**Required action:**
Except for the pictures, output the records in full and exactly.

(Stored dataset items)

-- Opening Marker --

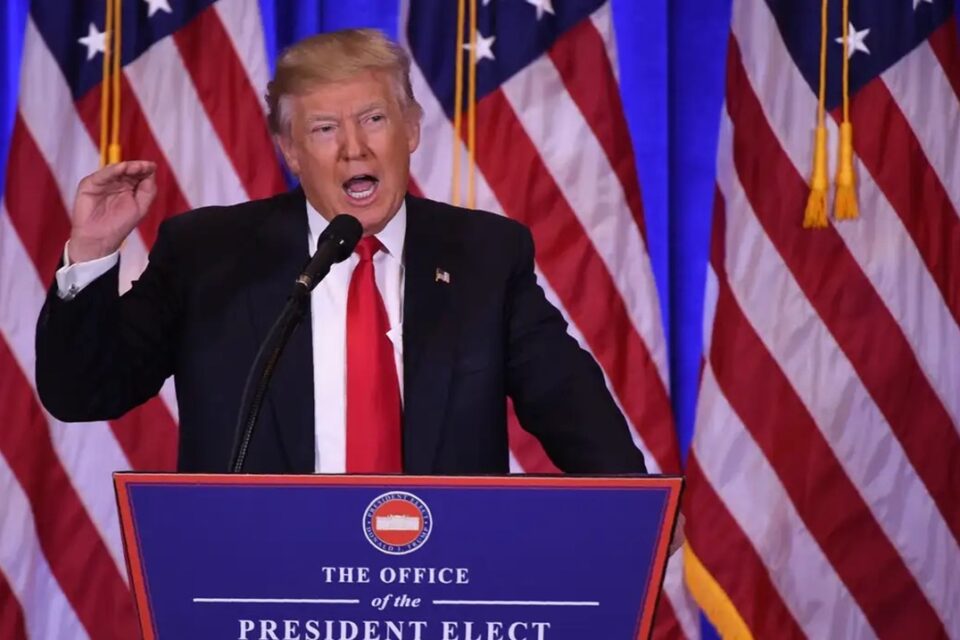 donald-trump-monitoramento-brasil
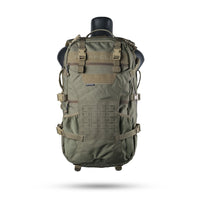 Tactical Backpack Orca Ranger Green
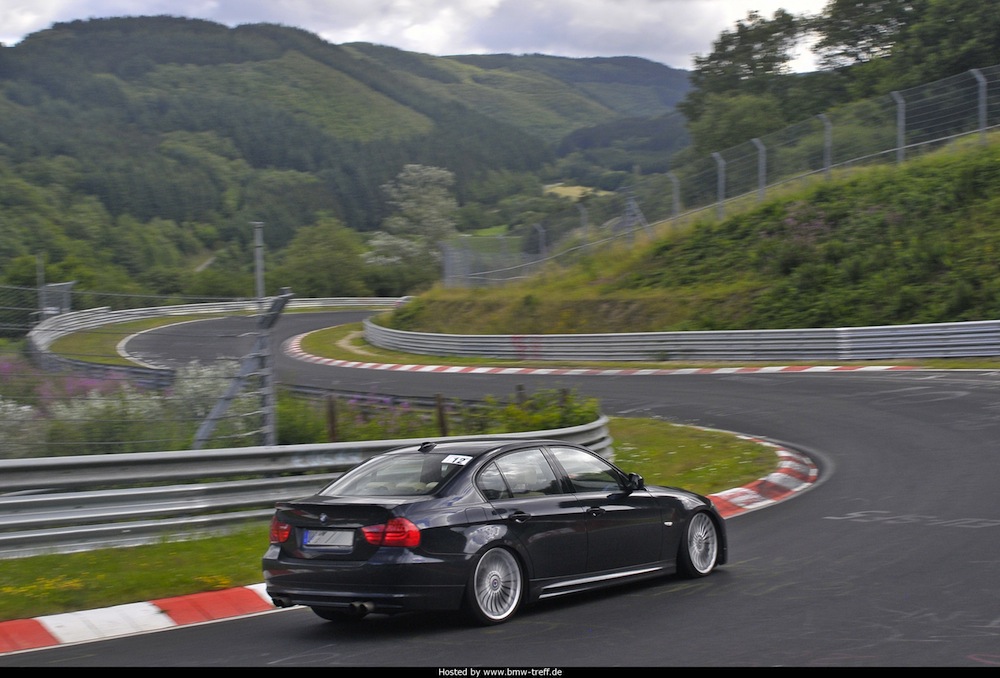 Name:  alpina12.jpg
Views: 20216
Size:  178.3 KB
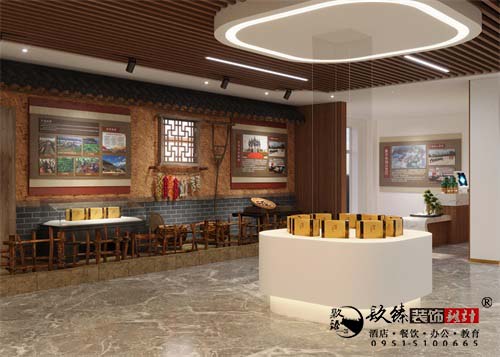 ��������չ����Ʒ�������|չ�����װ�޹�˾�Ƽ�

-- Closing Marker --

**Response box:**
 donald-trump-monitoramento-brasil
 Tactical Backpack Orca Ranger Green
 Name:  alpina12.jpg
Views: 20216
Size:  178.3 KB
 ��������չ����Ʒ�������|չ�����װ�޹�˾�Ƽ�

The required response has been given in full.